Showed quickly scrolling lines, so clearly video sync wasn’t correct. Sync mainly comes from two LS123 chips – a logic probe showed one of them was getting an input but had a stuck output. A corroded Fujitsu chip. Piggybacked a replacement on top and video worked – screen of garbage characters!
So random garbage on each boot generally means the CPU isn’t running (consistent garbage usually means it is). Logic probe showed the main Z80 cpu had pulsing address lines and reset was working ok, but all data lines were stuck low. The program eproms, which tested good off board, also had pulsing address lines and pulsing output enable lines. So that means something is telling the eprom to output data – but if it is then why are all the data lines low? Something on the data bus had to be grounding all the lines and stopping activity. There’s not much on the data bus – the CPU itself, the Z80-DMA chip, the RAM, the ROM and a LS245 latch that isolates the video board data bus.
The LS245 was removed and tested good, the Z80-DMA was removed and suddenly the data bus was active. With a replacement fitted all data and address lines were now pulsing – but still random garbage characters on screen. So the Z80-DMA had failed in a way that pulled all lines low.
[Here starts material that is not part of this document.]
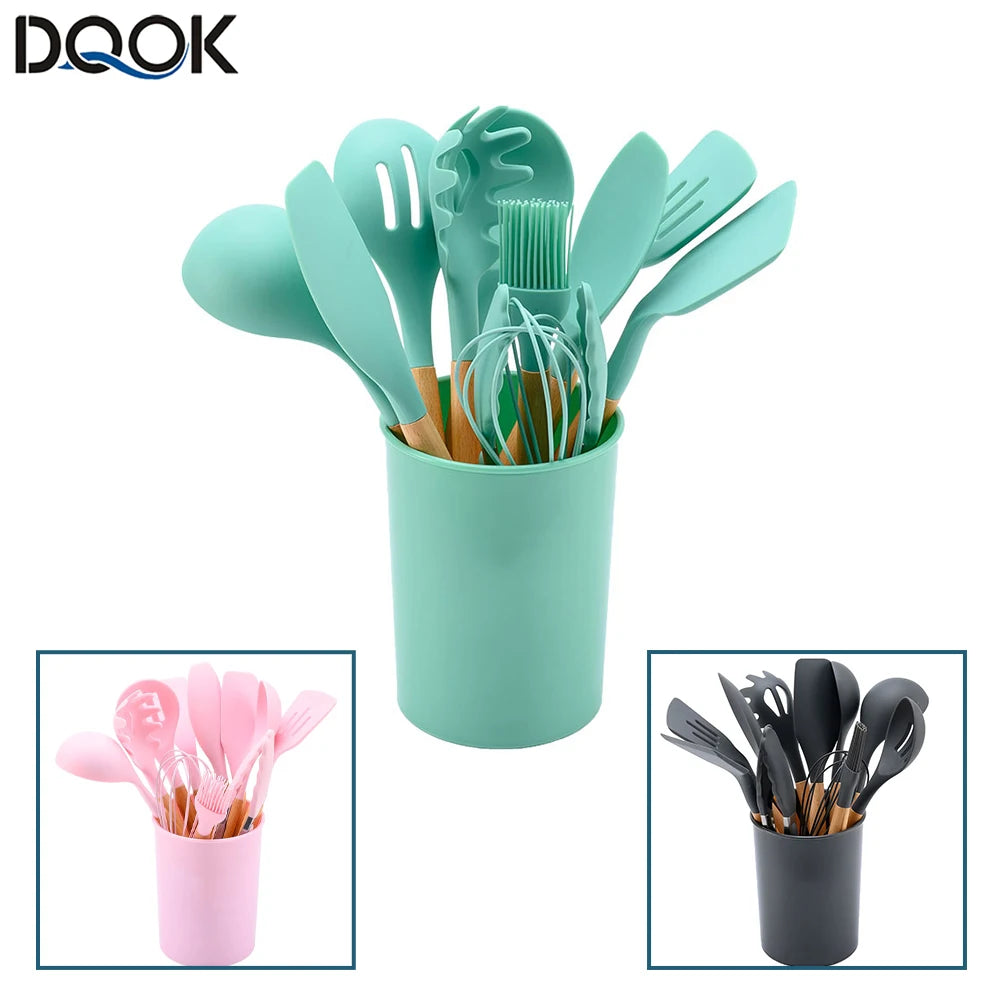 Silicone Cookware Set Kitchen Cooking Tools Baking Tools Tableware Silicone Shovel Spoon Scraper Kitchen Accessories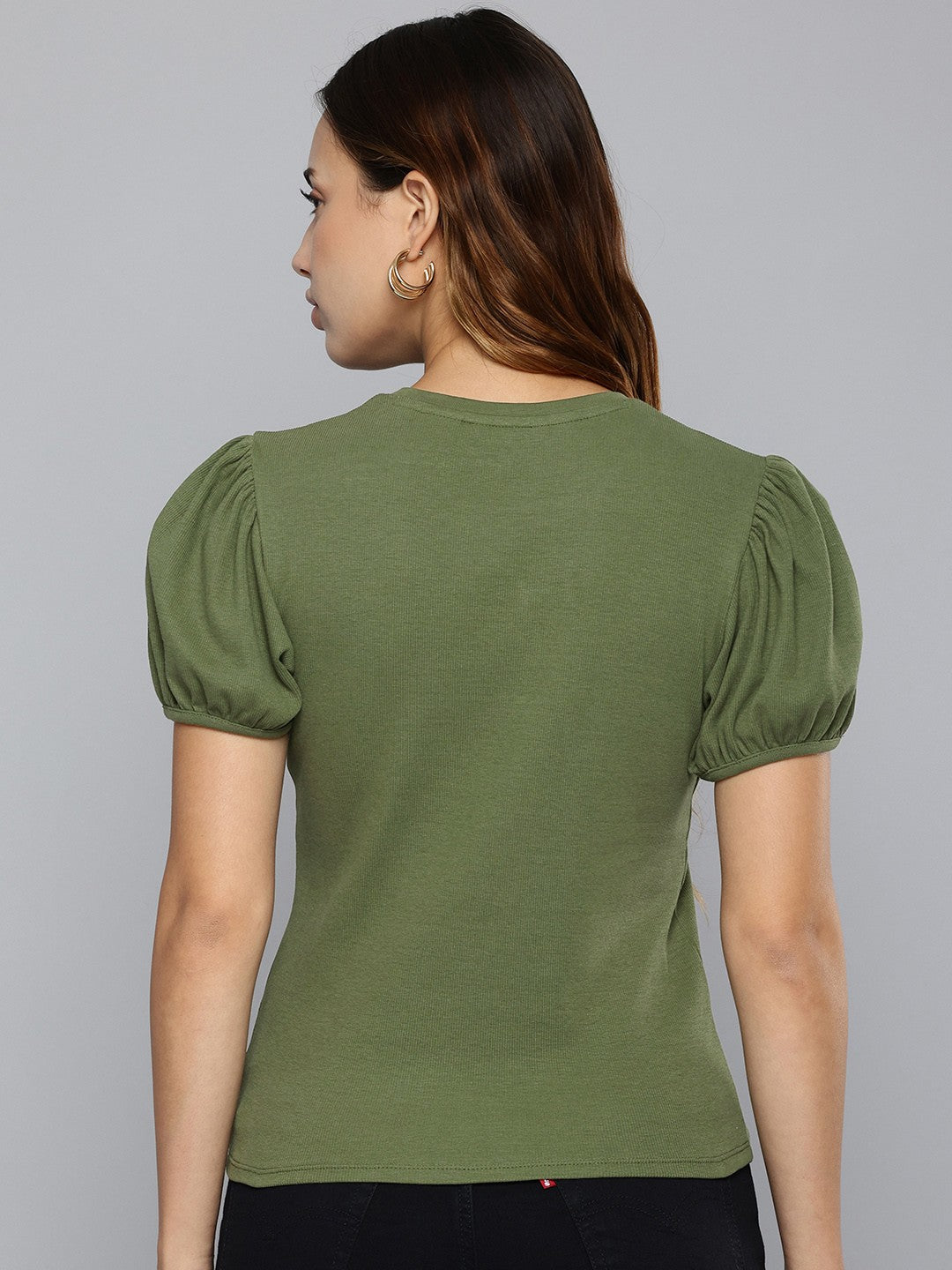 Women's Textured Green Crew Neck Top - 1c04ef48-d0c8-4999-8fc1-a8c22a66f40e1726649332845-Levis-Women-Tops-5811726649332515-4 View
The LS245 was next the clue – this latch allows reading and writing from the video board – but the direction pin appeared to be stuck low. The schematics show this line is buffered by a driver chip – in this case a Fujitsu at 6A which had failed. When replaced the game worked albeit without sound!
No garbage display on this one – instead some consistent moving long blue lines across the screen. So that’s a hint the CPU is probably doing something and the initial problems are on the video board.
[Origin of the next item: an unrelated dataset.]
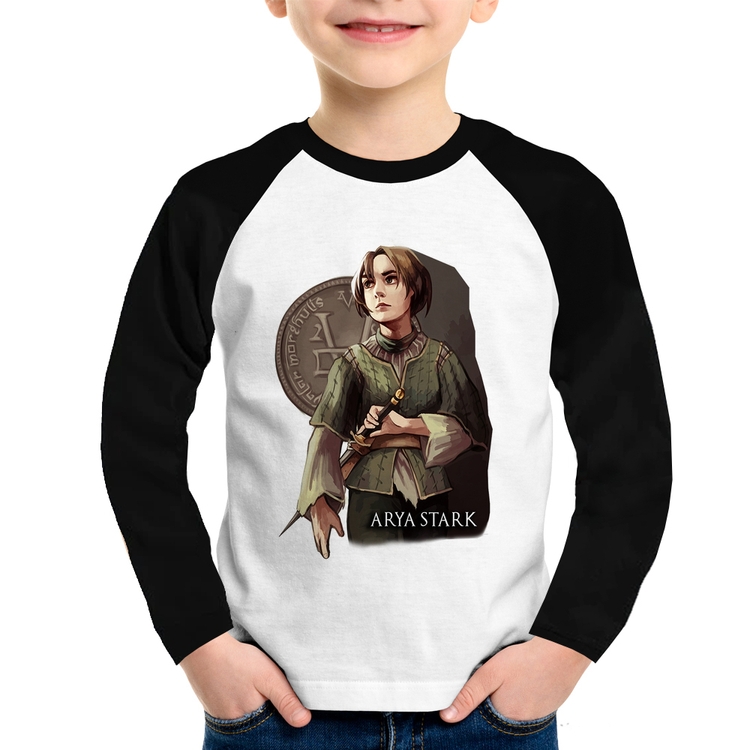 Camiseta Raglan Infantil Arya Stark Valar Morghulis Manga Longa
Because of the ‘stretched’ look to the lines I examined the horizontal and vertical timing part of the circuit first. In the schematics things like 4H refer to every 4 horizontal pixel, and V to the vertical line. In the picture you can see some references to the low 3 bits of V and H. 3 bits gives you a value 0-7 – and this game has 8 pixel wide tiles, so you can see those parts are dealing with the pixels inside a tile.
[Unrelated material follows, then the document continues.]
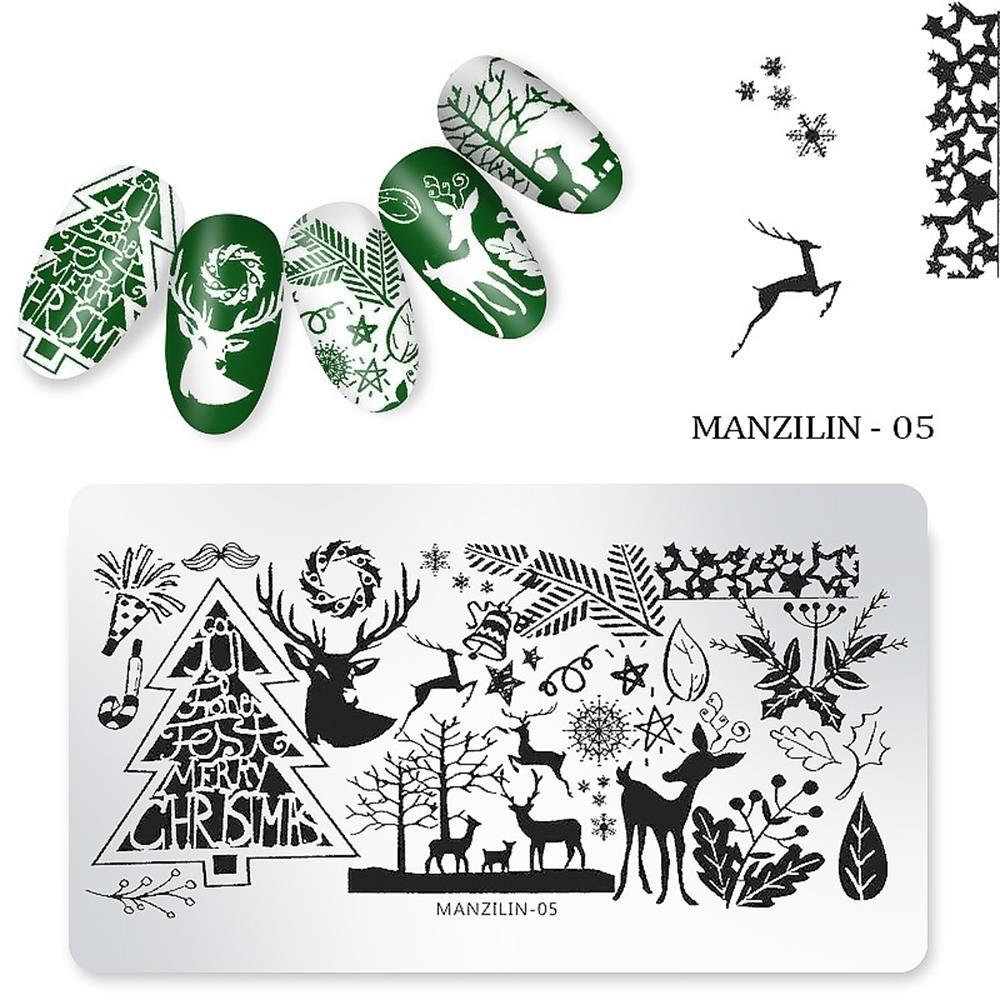 New Snow Flake Flower Elk Stainless Steel Image Stencil Christmas Stamping Plates Nail Art Template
The video board came together bit by bit – the lines became solid tiles, then the inside of tiles, then sprites. Faults were all Fujitsu chips, or just badly corroded chips.
At this point it was pretty clear the CPU board was fine and sound worked on it so the working video board 1 was combined with CPU board 2 to make a fully working game. 1 worker from 2 corroded trashed boards is a good result.
But I’ll get back to fixing CPU board 1 and video board 2 at a later date – the video board only has 1 fault left – sprites are sometimes duplicated vertically – I suspect some kind of vertical comparison fault somewhere, but not found it yet. The lack of sound on the CPU board I suspect the audio CPU itself has failed.